Repository files navigation

nf-snowflake plugin

Overview

nf-snowflake is a Nextflow plugin that enables Nextflow pipelines to run inside Snowpark Container Service.

Each Nextflow task is translated to a Snowflake Job Service and executed as an SPCS job. The Nextflow main/driver program can run in two modes:

  1. Locally - Running on your local machine or CI/CD environment, connecting to Snowflake via JDBC
  2. Inside SPCS - Running as a separate SPCS job within Snowpark Container Services

These two execution modes correspond to the two authentication methods supported by the plugin. When the main/driver program runs inside an SPCS job, Snowflake automatically injects the required environment variables (such as SNOWFLAKE_ACCOUNT, SNOWFLAKE_HOST, etc.) and the session token file (/snowflake/session/token). The plugin automatically discovers and uses these credentials for authentication.

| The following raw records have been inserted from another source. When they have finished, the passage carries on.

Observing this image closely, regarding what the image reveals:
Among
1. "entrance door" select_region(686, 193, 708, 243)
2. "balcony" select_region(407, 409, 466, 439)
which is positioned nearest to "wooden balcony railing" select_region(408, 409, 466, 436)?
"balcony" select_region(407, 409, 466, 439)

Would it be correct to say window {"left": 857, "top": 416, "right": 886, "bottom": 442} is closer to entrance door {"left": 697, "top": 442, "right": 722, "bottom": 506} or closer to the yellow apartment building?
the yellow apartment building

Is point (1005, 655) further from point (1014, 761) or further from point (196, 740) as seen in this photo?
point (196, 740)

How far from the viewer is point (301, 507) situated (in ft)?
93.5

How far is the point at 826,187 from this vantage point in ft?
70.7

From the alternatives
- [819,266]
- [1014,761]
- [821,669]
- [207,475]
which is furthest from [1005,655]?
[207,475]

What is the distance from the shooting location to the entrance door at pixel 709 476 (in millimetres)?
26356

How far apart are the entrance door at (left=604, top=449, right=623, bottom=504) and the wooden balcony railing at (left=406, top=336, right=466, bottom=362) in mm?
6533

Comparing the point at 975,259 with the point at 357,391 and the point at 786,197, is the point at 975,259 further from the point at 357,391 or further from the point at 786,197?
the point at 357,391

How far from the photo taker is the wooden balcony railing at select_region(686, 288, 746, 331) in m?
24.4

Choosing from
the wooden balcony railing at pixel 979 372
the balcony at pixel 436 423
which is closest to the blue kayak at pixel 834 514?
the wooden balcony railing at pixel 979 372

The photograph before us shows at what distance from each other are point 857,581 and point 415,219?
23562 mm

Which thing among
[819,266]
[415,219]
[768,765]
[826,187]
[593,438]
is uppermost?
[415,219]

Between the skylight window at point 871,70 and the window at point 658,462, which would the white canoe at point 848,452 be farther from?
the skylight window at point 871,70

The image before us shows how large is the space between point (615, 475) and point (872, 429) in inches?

Intermediate results between different Nextflow processes are shared via Snowflake stages, which must be configured as the working directory.

Prerequisites

Before using this plugin, you should have:

  • Nextflow (version 23.04.0 or later)
  • Snowflake account with access to:
    • Snowpark Container Services (Compute Pools/Image Registries)
    • Internal stages
  • Familiarity with:
    • Nextflow pipelines and configuration
    • Docker/container images
    • Snowflake authentication methods

Authentication

The plugin supports two authentication methods, corresponding to the two execution modes for the main/driver program:

1. Session Token Authentication (Main/Driver Running Inside SPCS)

When the Nextflow main/driver program runs inside an SPCS job, Snowflake automatically injects the session token file at /snowflake/session/token and the following environment variables:

  • SNOWFLAKE_ACCOUNT
  • SNOWFLAKE_HOST
  • SNOWFLAKE_DATABASE
  • SNOWFLAKE_SCHEMA
  • SNOWFLAKE_WAREHOUSE (optional)

The plugin automatically discovers and uses these credentials for authentication. No additional configuration is required.

2. Connections.toml Authentication (Main/Driver Running Locally)

When the Nextflow main/driver program runs locally (on your machine or in CI/CD), the plugin uses the Snowflake connections.toml configuration file for authentication.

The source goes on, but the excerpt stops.